Engineers Without Borders is drastically different now, ten years later than what we thought engineers should be doing in development. We don’t build water points anymore. As a matter of fact, we don’t build anything other than spreadsheets. We now have this innovative marketing campaign “Sponsor an African spreadsheet,” because we understand that the problems are not hardware problems, it’s all about that software side of things. It’s a really hard concept to get across to people, people still want to fund wells and schools, but it’s really about the software side of things, and it’s a lot longer process to fund those things; and it’s not sexy, but it works.
So the next thing that happened is our staff members were really excited about sharing this failure internally but we still were not doing a good job of letting other people know, and some of our very courageous field staff were getting upset at the management because other projects were going to make the same failures and they weren’t learning. So they pushed our management staff — and we were nervous about it — about publishing our failures, but for the last three years, Engineers Without Borders has published an annual failure report citing our biggest failures.
At first I am asked, “How did your donors think?” and I think how would my donors feel if they knew that the money they’ve spent and saved up, and generously donated, had had no impact? And you know, that’s tough. Our donors felt that too. But once they started reading the failures, they understood the power of those lessons learned and realized it’s an injustice not to be sharing these.

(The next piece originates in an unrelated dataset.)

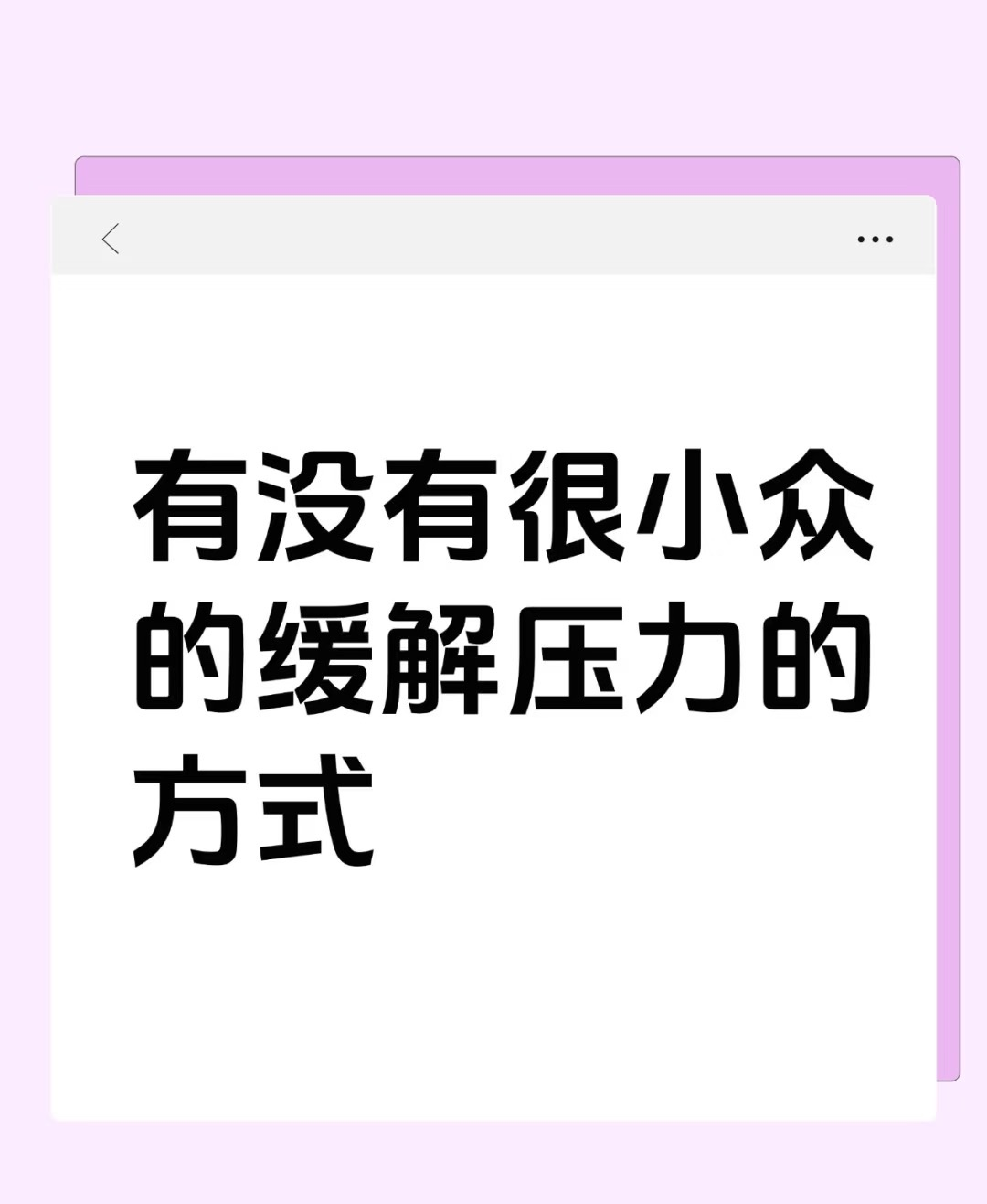 大家都是用什么方式缓解压力的？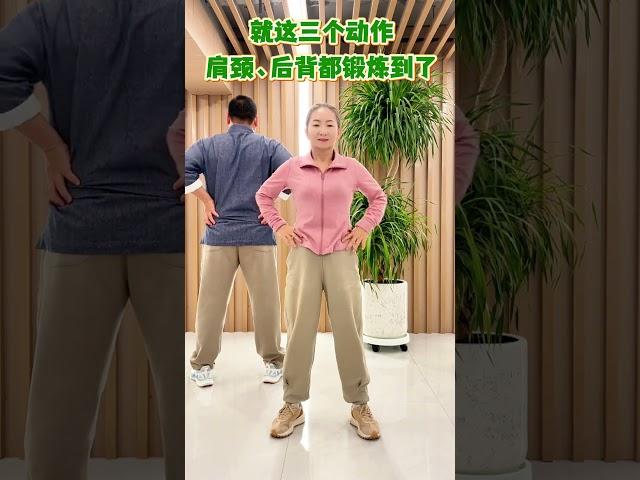 就这三个动作，肩颈、后背都锻炼到了居家锻炼 开肩美背 中老年锻炼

Then we realized that not everyone reads reports so we built a website, admittingfailure.com. This is for all organizations to come, and start admitting their failures, and to start having a discussion about failure. The concept is catching on. The Harvard Business Review just last month published their first review focused on failure. Two big companies lately have also dealt with failure. I’m talking to my friends in other sectors and they tell me, oh, it’s not just the development sector that has these challenges, and we got across a lot of other sectors, and two companies had lot of big failures lately, and what’s interesting about them is that one of them publicly admitted their failure and talked about what they’ve learned from it, what they’re going to do next time. The other one tried not to talk about it at all. I think it will be interesting looking forward to see which of those strategies works.
I’d like to ask people to, first of all, think about how does your organization think about and share failure. Maybe ask the person next to you because I think it can generate really interesting conversations.
And lastly, I’d like to turn back to this question that was asked, “Has aid failed?” I think I’ll say that, for me, the answer is yes, but only because it hasn’t failed enough.